**The task:** Write out, exactly as they stand, the line containing "2007 Toyota Camry" and all subsequent lines up to and including the final line of the records.

**Given entries:**
[Start of section]

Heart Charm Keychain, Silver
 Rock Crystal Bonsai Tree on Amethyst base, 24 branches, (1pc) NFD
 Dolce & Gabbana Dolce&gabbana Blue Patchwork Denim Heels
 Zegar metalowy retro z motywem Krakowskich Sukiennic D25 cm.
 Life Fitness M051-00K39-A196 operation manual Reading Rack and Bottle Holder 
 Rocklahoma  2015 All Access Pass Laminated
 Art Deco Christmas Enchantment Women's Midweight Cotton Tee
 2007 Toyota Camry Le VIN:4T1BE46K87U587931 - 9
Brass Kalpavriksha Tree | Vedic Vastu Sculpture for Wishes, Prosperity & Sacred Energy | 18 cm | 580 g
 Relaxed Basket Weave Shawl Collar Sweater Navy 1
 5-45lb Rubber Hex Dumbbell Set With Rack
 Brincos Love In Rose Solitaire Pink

[End of section]

**Solution to this task:**
 2007 Toyota Camry Le VIN:4T1BE46K87U587931 - 9
Brass Kalpavriksha Tree | Vedic Vastu Sculpture for Wishes, Prosperity & Sacred Energy | 18 cm | 580 g
 Relaxed Basket Weave Shawl Collar Sweater Navy 1
 5-45lb Rubber Hex Dumbbell Set With Rack
 Brincos Love In Rose Solitaire Pink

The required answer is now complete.